On this code, we compute CLIP vectors for our two prompts: “violence” and “one thing else”. We then calculate how comparable every body CLIP vector is to the prompts.

If the CLIP vector related to the immediate “violence” is extra just like the vector for “one thing else” for five of the final 20 vectors on a rolling foundation, we are going to cease iterating over the video and report that the video incorporates violence. Our code is applied this fashion to make sure that one or two false positives don’t stop a scene from being categorized as violent.

Right here is the consequence from our script:

Match for 'violence': True

Our video – a film trailer – incorporates violent scenes. Our script has efficiently recognized that the video incorporates violent scenes.

With the code above, you may make determinations based mostly on your online business logic. For instance, chances are you’ll decide that video that comprise violence (i.e. that depict a violent film) have to go to a human reviewer for additional evaluation. Or if you’re working a group, chances are you’ll reject content material that incorporates violent scenes.

Conclusion

You should utilize CLIP with the Roboflow Video Inference API to determine if a video incorporates any scenes that aren’t applicable. For instance, you’ll be able to determine scenes that comprise violence, express scenes, or different varieties of content material.

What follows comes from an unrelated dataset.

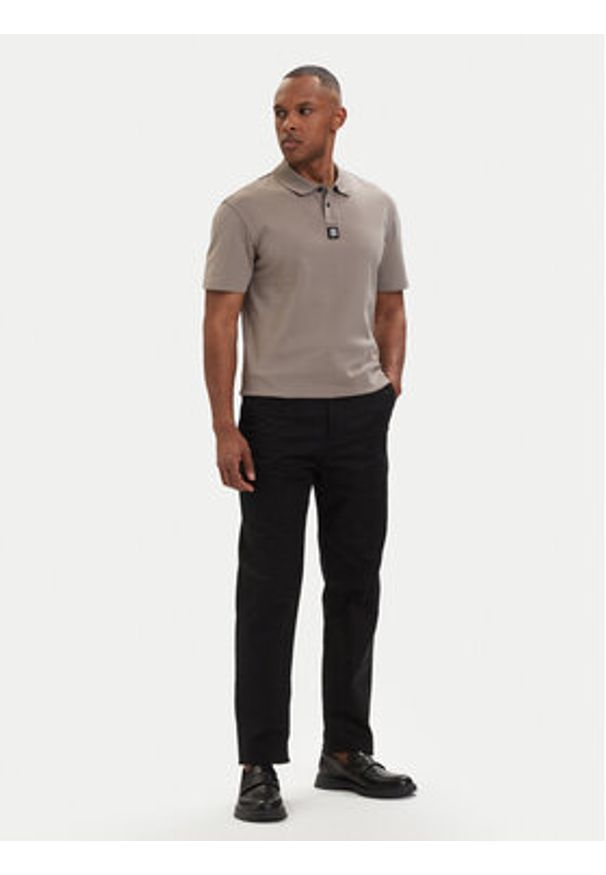 Hugo - HUGO Spodnie materiałowe Genar253 50567257 Czarny Slim Fit. Kolor: czarny. Materiał: bawełna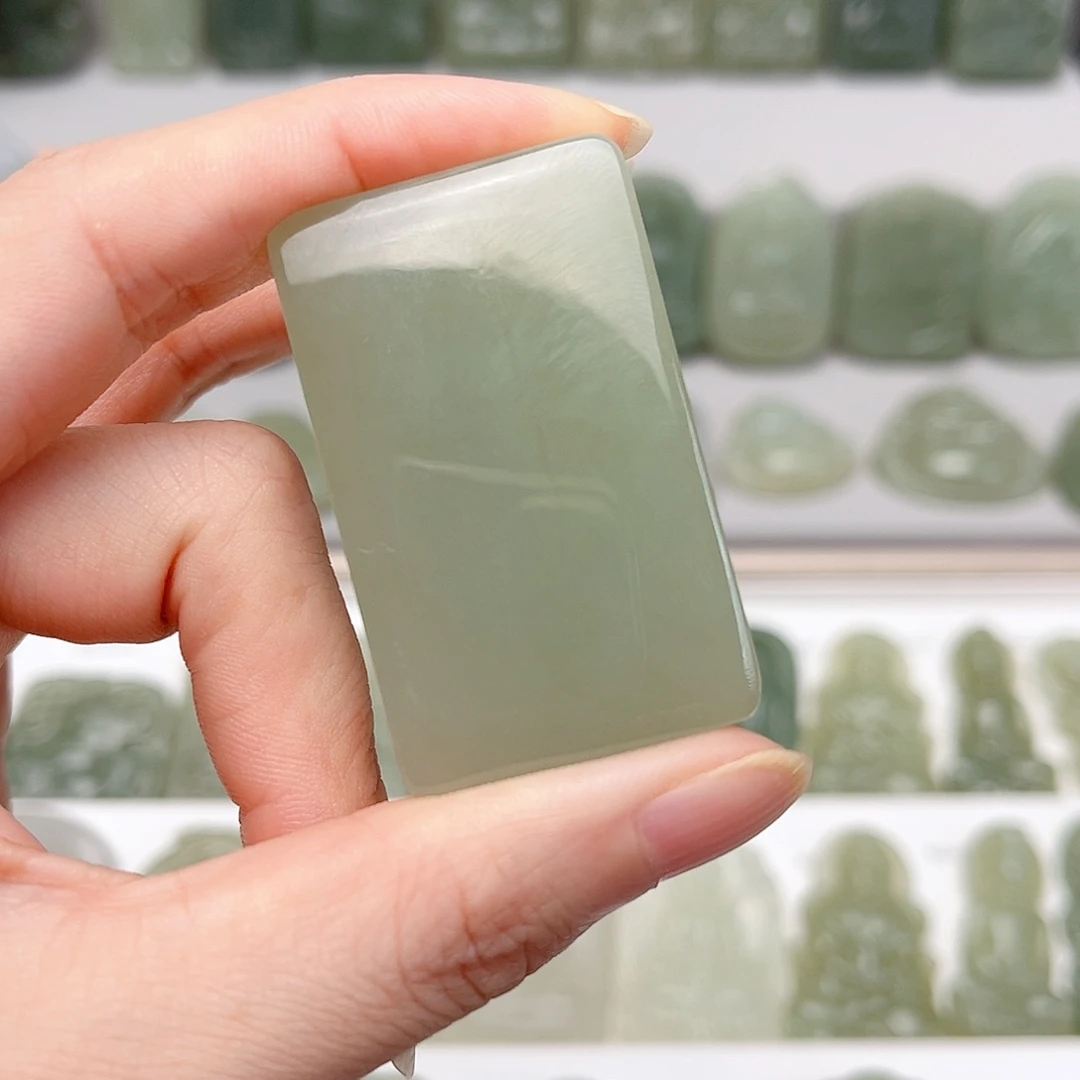 和田玉未镶嵌颈饰女****儿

On this information, we walked by the best way to run CLIP on frames in a video with the video inference API. We then wrote code that allows you to examine moderation labels to the CLIP vectors related to video frames. This code means that you can classify if a video incorporates content material that you simply need to reasonable.

Leave a Reply

Your email address will not be published. Required fields are marked *

This site uses Akismet to reduce spam. Learn how your comment data is processed.